7. Implications and Future Directions¶
- What changes in practice
-
Sarathi-Serve offers a practical recipe to deliver both high throughput and stable interactive latency for LLM serving—especially important for chat and streaming applications. It also makes PP viable across commodity networks by reducing bubbles, enabling larger models to be served efficiently without high-degree TP or exotic interconnects (Figure 13).
-
What it enables next
- Dynamic token-budget control: online adaptation of τ based on observed latencies, load, and PP imbalance could further improve capacity and robustness beyond the fixed τ values used here (§5.1, §4.3).

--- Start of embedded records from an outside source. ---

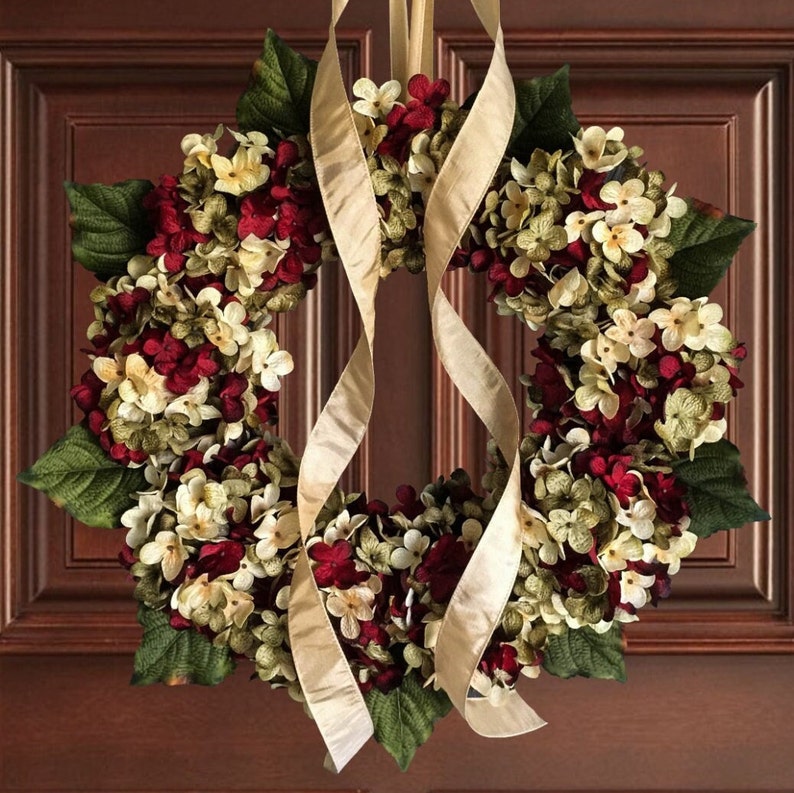 Christmas hydrangea door wreath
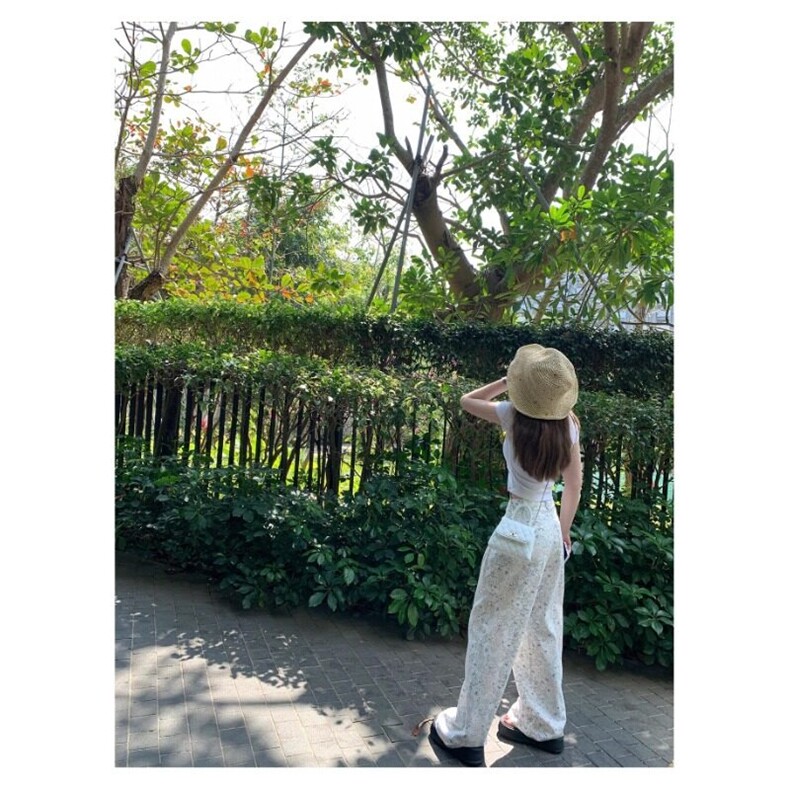 小鱼裤女白色卡通直筒阔腿裤女宽松,男装休闲裤,星座506A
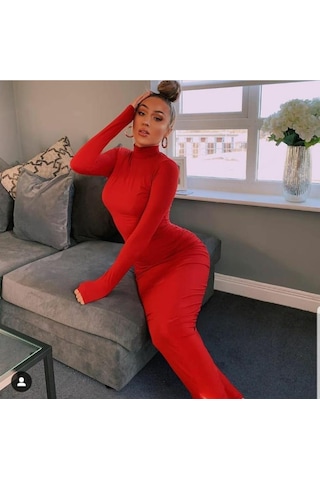 Pink Life Maksi Kırmızı Sandy Kumaş Elbise Kırmızı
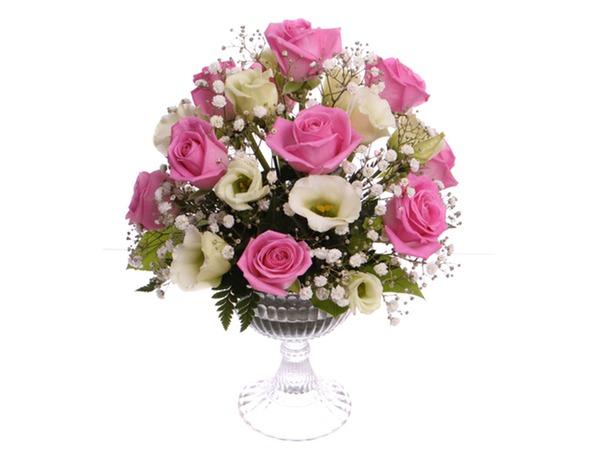 Kukka-asetelma vpun-Arrangemang i rosa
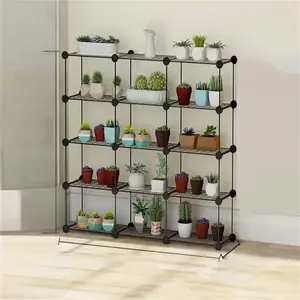 Iron Net Art Succulent Plant Flower Rack, Iron Wire Balcony Floor Standing Storage Shelf, Creative Multi-Functional Divider Display Rack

- Integration with fairness/preemption: combining stall-free batching with preemptive schedulers or fairness-aware admission could provide stronger QoS in multi-tenant clouds (§6).
- Hybrid with disaggregated designs: selectively using disaggregated prefills for ultra-long prompts or TTFT-critical users, while keeping stall-free batching for the bulk of traffic, could yield the best of both worlds (noted in §6).
-
Compiler/runtime co-design: accounting for tile quantization and kernel launch overheads when choosing chunk sizes suggests opportunities for joint tuning in kernel libraries and schedulers (§4.3).
-
Broader takeaway
- The paper reframes the “throughput vs. latency” conflict in LLM serving as a batching and compute-shaping problem. By matching iteration compute to an SLO-driven envelope (token budget) and exploiting arithmetic-intensity slack in decode, it achieves a materially better Pareto frontier. The empirical results across four models and diverse deployments (Figures 10–13) suggest this approach is widely applicable.